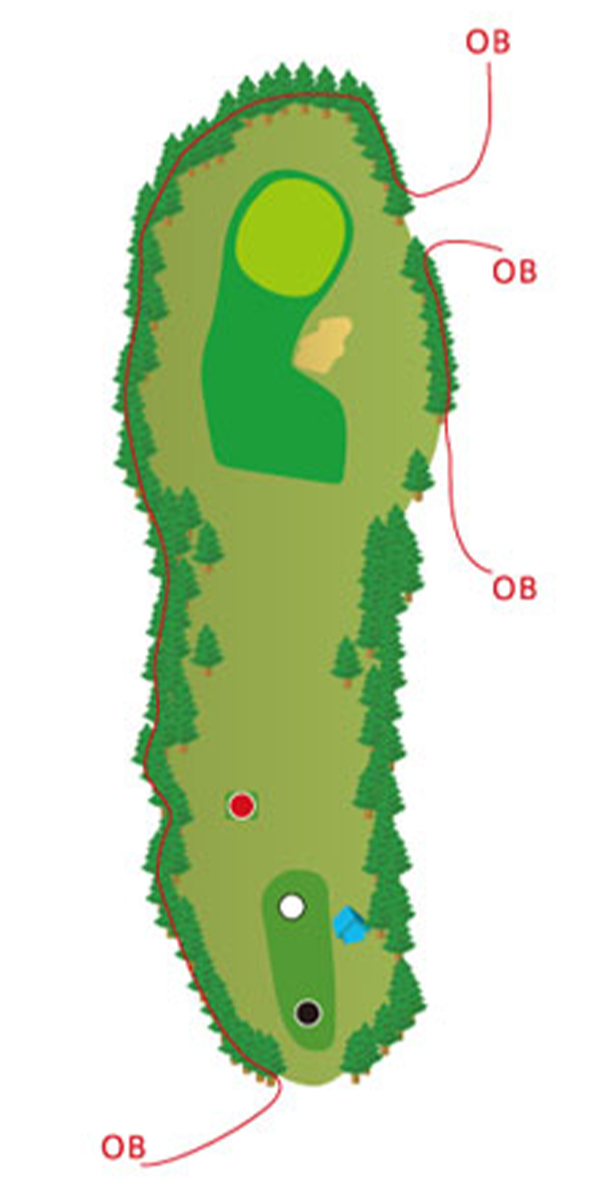 HOLE16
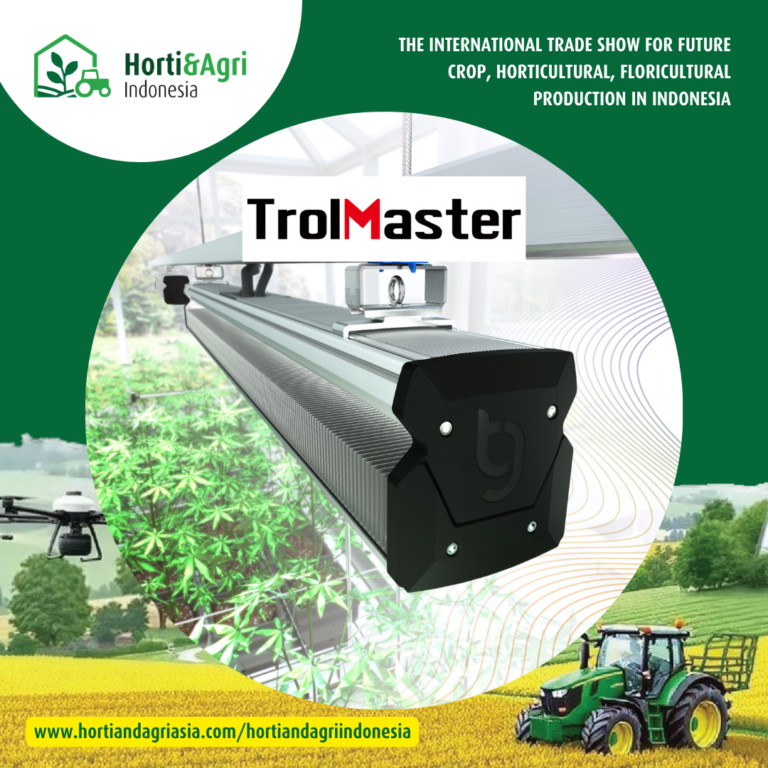 Product TrolMaster 2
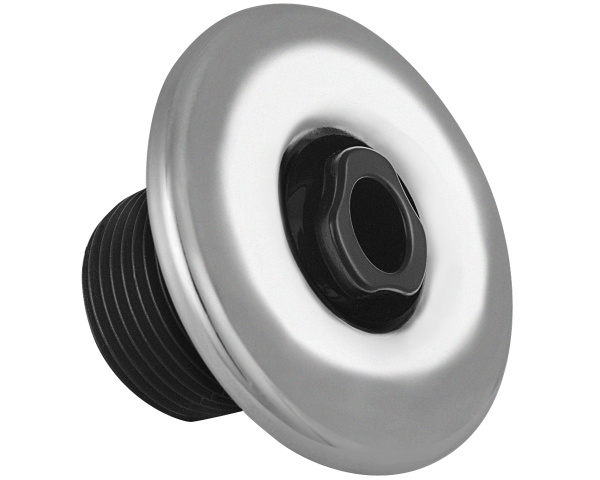 Dse LVJ 50 mm - Crystal Directional - Zum Vergr&ouml;&szlig;ern klicken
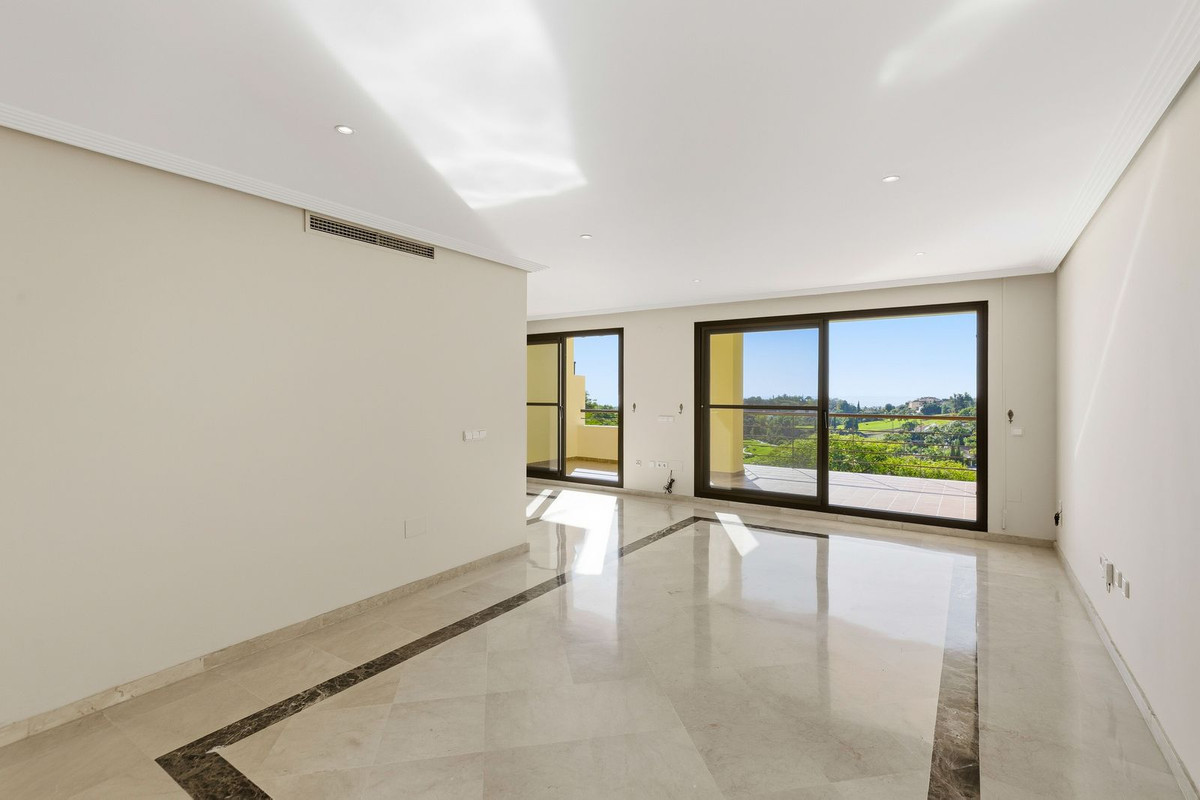 Se vende Ático Dúplex de 4 dormitorios en Costa Del Sol, Málaga, España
######
**Work item**
Apart from the images, reproduce the listing exactly as it appears.

**Answer to the problem**
 HOLE16
 Product TrolMaster 2
 Dse LVJ 50 mm - Crystal Directional - Zum Vergr&ouml;&szlig;ern klicken
 Se vende Ático Dúplex de 4 dormitorios en Costa Del Sol, Málaga, España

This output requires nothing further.